OCAP and supporters gather to protest lack of shelter space for homeless populations during winter months

 

On December 15th, 2016, the Ontario Coalition Against Poverty OCAP hosted the event “Rally and March to Open Shelter Space Now,” where about 100 Torontonians gathered around a city-owned building at Dundas and Victoria with posters protesting the lack of adequate space and resources in homeless shelters around Toronto. Despite the wretched weather conditions, Protestors proceeded to gather outside of Toronto City Hall. This was done in a collective effort to demand shelter for Toronto’s homeless.

Those who spoke outside the building stressed the horrid conditions caused by the overcrowding, currently found within Toronto’s shelter system, as well as the heightened risk on the lives of those who are homeless, not only when braving the cold of the Infamous Canadian Winter, but the rest of the year as well.

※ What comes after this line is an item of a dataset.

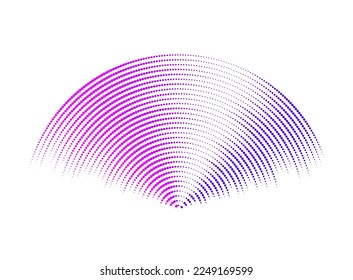 Purple sound wave signal. Radio or music audio concept. Epicentre or radar icon. Radial signal or vibration elements. Impulse curve lines. Concentric ripple semi circles.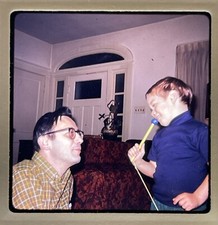 Ragazzo Con Microfono Finto Fisher Price Xilofono Mallet 1969 Ektachrome Slide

Not many individuals can remain standing in one position during the middle of a snow storm in Toronto. It is hard to imagine that anyone would willingly seek refuge in these precise conditions, if it were not for the existence of the disagreeable alternative—staying in a shelter. The estimated number of homeless people sleeping outdoors and in emergency shelters, Violence Against Women shelters, and in health and correctional facilities in Toronto on the night of April 17th, 2013 was 5,253. The estimated number of people who slept “rough” (meaning outside, on the streets), that same night, was 447.

The 2017 budget for the city of Toronto, focusing on Housing and Homelessness, exhibits serious cuts. $27.7 million will be cut out of shelter, support, and housing. The current homeless shelter system in the city of Toronto is reported as full, operating with over 90% occupancy each night. Occupancy is expected to remain above and beyond 90% in 2017.

Many reports have indicated that the sheer density of homeless people within shelters has led to severe overcrowding, coupled with shortage of resources; both of these require a rapid solution, in order to prevent widespread suffering for these individuals. This problem has only increased as the years have passed, as there has been very little action by the city of Toronto taken to remedy this problem.

OCAP has pledged to “continue to fight for the armouries to be opened as shelters, as well as for the City of Toronto to endorse its policy of keeping shelters at a maximum of 90% occupancy. Hopefully, also, the percent at which shelters are closed down within the central area,” according to organizer, John Clarke.

As groups like OCAP continue to place emphasis on the urgency with which this issue should be handled, it is likely that protests like these will attract attention from leading policy makers and administrators who would be capable of taking significant action.

The refusal of Mayor John Tory and his administrators to provide adequate shelter facilities, has been, according Clarke, “The extreme expression of the agenda of austerity that is being imposed in Toronto.” There remains this inextinguishable, effervescent hope displayed by not only those who attended the protest, but also those who support taking action for this issue and could not attend. The hope is that there will come a day where lives are not lost in a way that is, as OCAP continues to express, largely preventable if tackled by the collective efforts of policy makers and citizens alike.